On Sep 18, 2007, at 1:13 PM, Ian Foster wrote:

> It seems ridiculous to me that we are still using a student- 
> supported machine to run major applications. Surely we should have  
> one highly capable, well-maintained machine for this? And this  
> shouldn't be a "suggestion" but a clear policy.
>
>
> Sent via BlackBerry from T-Mobile
>
> -----Original Message-----
> From: Ioan Raicu <iraicu at cs.uchicago.edu>
>
> Date: Tue, 18 Sep 2007 13:13:08
> To:Michael Wilde <wilde at mcs.anl.gov>
> Cc:swift-devel at ci.uchicago.edu
> Subject: Re: [Swift-devel] bug 53
>
>
>
>
> Michael Wilde wrote:
>> Its not clear when this happened, as Nika and Ioan's workflow
>> submission from viper has afaik been mostly through Falkon for  
>> quite a
>> while now.
>>
>> Nika, perhaps you can shift back to trying the two Falkon approaches
>> (with higher prio on testing Ioan's retry code) in the meantime.
>>
>> Ioan, is CI Support / Ti supporting viper, or are you the "sysadmin"
>> Ben is referring to?
>>
> Yes, I am viper's support.  viper is my department office machine.
>> Ive also suggested in the past that we focus on using evitable and
>> terminable (and swift03/04) as our main submit hosts, primarily for
>> support and coordination reasons.  Is this a good time to try the
>> GRAM/non-Falkon workfow there?
> Sure, but watch out for the large MolDyn runs as 1GB or less of memory
> is not enough for 244 mol runs.
>
> Ioan
>>
>> - Mike
>>
>>
>> Ben Clifford wrote:
>>> sounds like viper had firewall configuration changed recently. viper
>>> sysadmin needs to help debug basic job submission with simple globus
>>> tools before that machine is worth using again.
>>>
>>> On Tue, 18 Sep 2007, Michael Wilde wrote:
>>>
>>>> does the cog equivalent of globus_tcp_source_range also need to  
>>>> be set?
>>>> is that only for gridftp, or gram as well?  or could this be a
>>>> gridftp hang?
>>>>
>>>> - mike
>>>>
>>>> Ben Clifford wrote:
>>>>> can you submit a job using globus-job-run?
>>>>>
>>>>> On Tue, 18 Sep 2007, Veronika Nefedova wrote:
>>>>>
>>>>>> I set tcp.port.range in swift properties but even a simple  
>>>>>> helloworld
>>>>>> workflow
>>>>>> hangs (the  submit host doesn't receive the notification from the
>>>>>> compute
>>>>>> host
>>>>>> that the job has finished).
>>>>>> tcp.port.range=50000,60000
>>>>>>
>>>>>> Not sure what else has changed on viper? It used to be a very  
>>>>>> good
>>>>>> submit
>>>>>> host, I never had any problems with it );
>>>>>>
>>>>>> Nika
>>>>>>
>>>>>> On Sep 18, 2007, at 9:13 AM, Mihael Hategan wrote:
>>>>>>
>>>>>>> Should pick that one.

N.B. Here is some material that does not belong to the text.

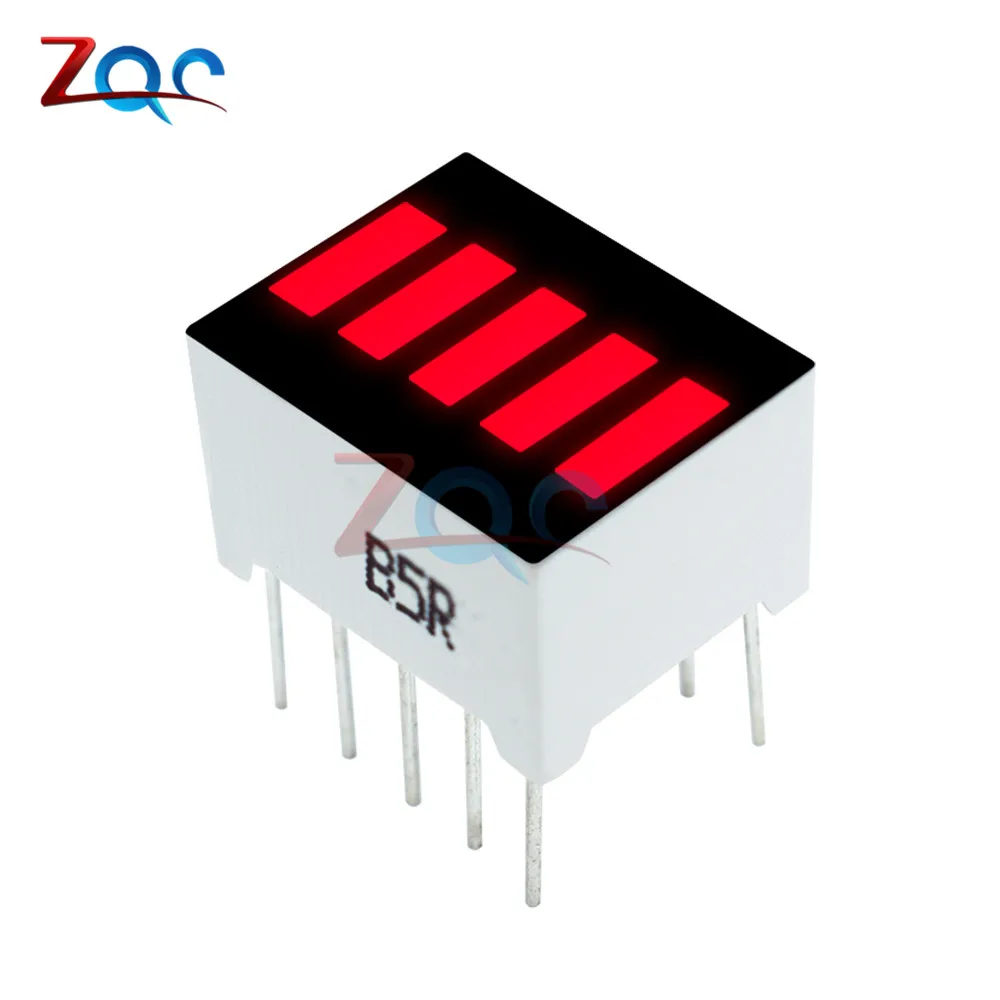 5 шт. сегментный красный светодиодный дисплей для Arduino|Детали и аксессуары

If not ~/.globus/cog.properties ->
>>>>>>> tcp.port.range=begin,end
>>>>>>>
>>>>>>> On Tue, 2007-09-18 at 07:42 +0000, Ben Clifford wrote:
>>>>>>>> Not sure if cog picks up the GLOBUS_whatever environment  
>>>>>>>> variables.
>>>>>>>> Mihael
>>>>>>>> presumably knows.
>>>>>>>>
>>>>>>>> On Mon, 17 Sep 2007, Ioan Raicu wrote:
>>>>>>>>
>>>>>>>>> There is a firewall on viper.  Ports 50000 - 60000 are open  
>>>>>>>>> for
>>>>>>>>> TCP.
>>>>>>>>> You
>>>>>>>>> might want to set the TCP_PORT_RANGE (I am not sure this is  
>>>>>>>>> the
>>>>>>>>> exact
>>>>>>>>> environment variable, but something like that) to be between
>>>>>>>>> 50K and
>>>>>>>>> 60K
>>>>>>>>> ports
>>>>>>>>> to ensure that GT4 uses one of these open ports.
>>>>>>>>> Ioan
>>>>>>>>>
>>>>>>>>> Veronika Nefedova wrote:
>>>>>>>>>> The same. You can check the job's status in its log on  
>>>>>>>>>> viper in
>>>>>>>>>> ~nefedova/alamines/MolDyn-244-loops-20070917-1356- 
>>>>>>>>>> h95gxij8.log.
>>>>>>>>>>
>>>>>>>>>> The job is still runnning (i.e. hanging) with the same  
>>>>>>>>>> symptom as
>>>>>>>>>> before:
>>>>>>>>>> the first jobs is done and then nothing else gets  
>>>>>>>>>> submitted (the
>>>>>>>>>> submit host
>>>>>>>>>> doesn't receive any notification that the job has finished).
>>>>>>>>>>
>>>>>>>>>> NIka
>>>>>>>>>>
>>>>>>>>>> On Sep 17, 2007, at 9:51 AM, Mihael Hategan wrote:
>>>>>>>>>>
>>>>>>>>>>> On Mon, 2007-09-17 at 09:41 -0500, Veronika Nefedova wrote:
>>>>>>>>>>>> I did 'svn up' in cog directory and then did 'ant dist'  
>>>>>>>>>>>> in the
>>>>>>>>>>>> same
>>>>>>>>>>>> directory.
>>>>>>>>>>> 'ant dist' should be done in the swift directory.
>>>>>>>>>>>
>>>>>>>>>>>> My 'svn info' gives me r1740.
>>>>>>>>>>>>
>>>>>>>>>>>> On Sep 17, 2007, at 8:55 AM, Mihael Hategan wrote:
>>>>>>>>>>>>
>>>>>>>>>>>>> Did you update cog?
>>>>>>>>>>>>>
>>>>>>>>>>>>> On Mon, 2007-09-17 at 08:38 -0500, Veronika Nefedova  
>>>>>>>>>>>>> wrote:
>>>>>>>>>>>>>> No, I've tried with r1740, it still hanged (timed out).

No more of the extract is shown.